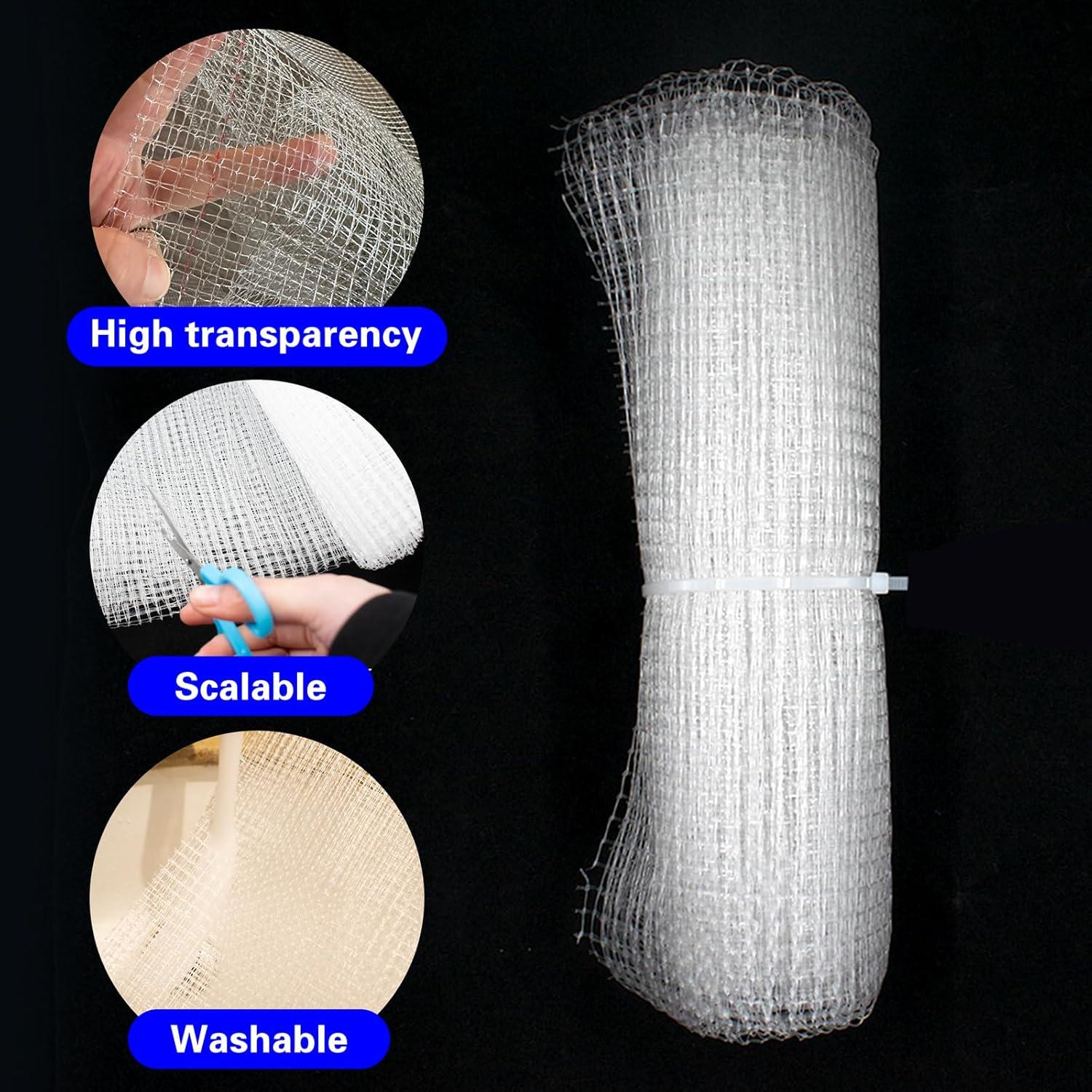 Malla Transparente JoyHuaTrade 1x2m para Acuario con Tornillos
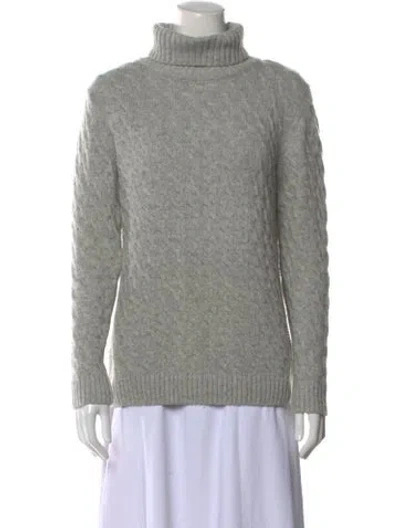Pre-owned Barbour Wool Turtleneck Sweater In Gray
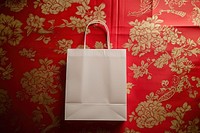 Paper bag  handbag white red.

Activity — Return all the data exactly, and keep the pictures out.

Expected output —
 Malla Transparente JoyHuaTrade 1x2m para Acuario con Tornillos
Pre-owned Barbour Wool Turtleneck Sweater In Gray
 Paper bag  handbag white red.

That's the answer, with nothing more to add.